DATA SEGMENT
-*-*-
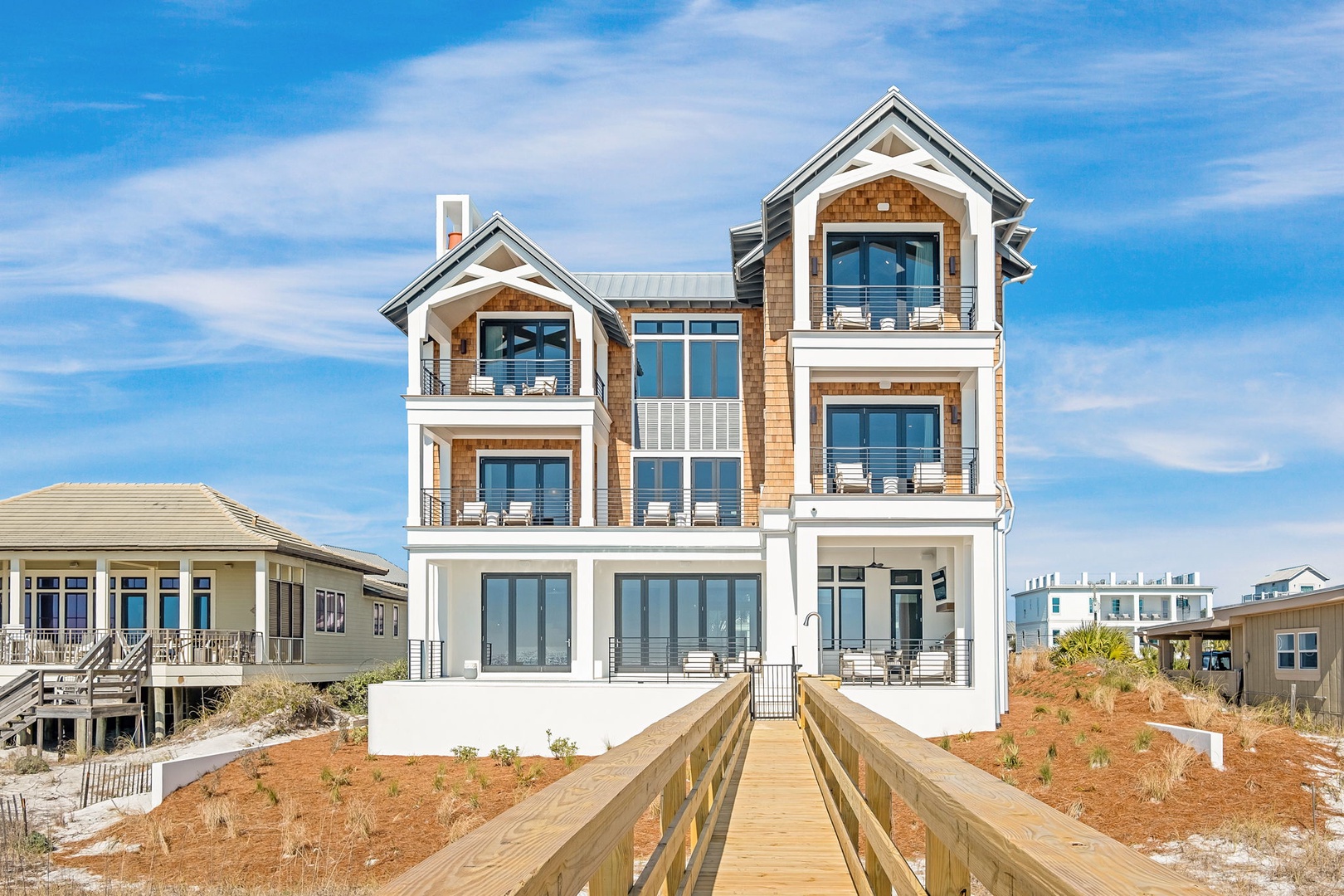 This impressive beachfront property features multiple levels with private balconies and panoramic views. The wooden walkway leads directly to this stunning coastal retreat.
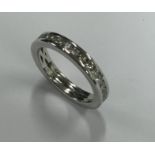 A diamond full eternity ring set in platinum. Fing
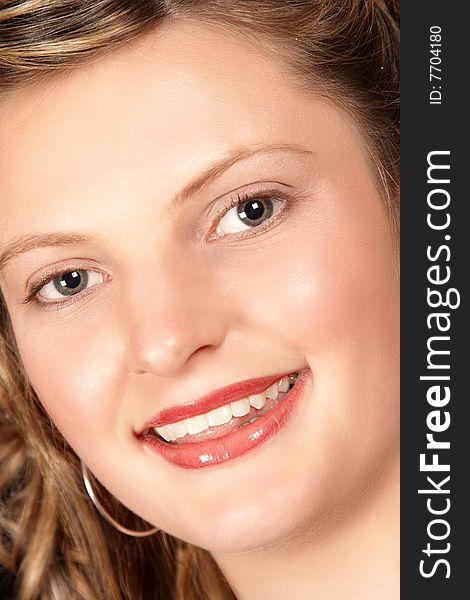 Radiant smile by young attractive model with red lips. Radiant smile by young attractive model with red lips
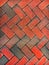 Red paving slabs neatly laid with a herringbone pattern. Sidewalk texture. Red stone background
-*-*-
ASSIGNED TASK
Give every line of the data above again as it stands; the pictures stay out.

REPLY TO THE TASK
 This impressive beachfront property features multiple levels with private balconies and panoramic views. The wooden walkway leads directly to this stunning coastal retreat.
 A diamond full eternity ring set in platinum. Fing
 Radiant smile by young attractive model with red lips. Radiant smile by young attractive model with red lips
 Red paving slabs neatly laid with a herringbone pattern. Sidewalk texture. Red stone background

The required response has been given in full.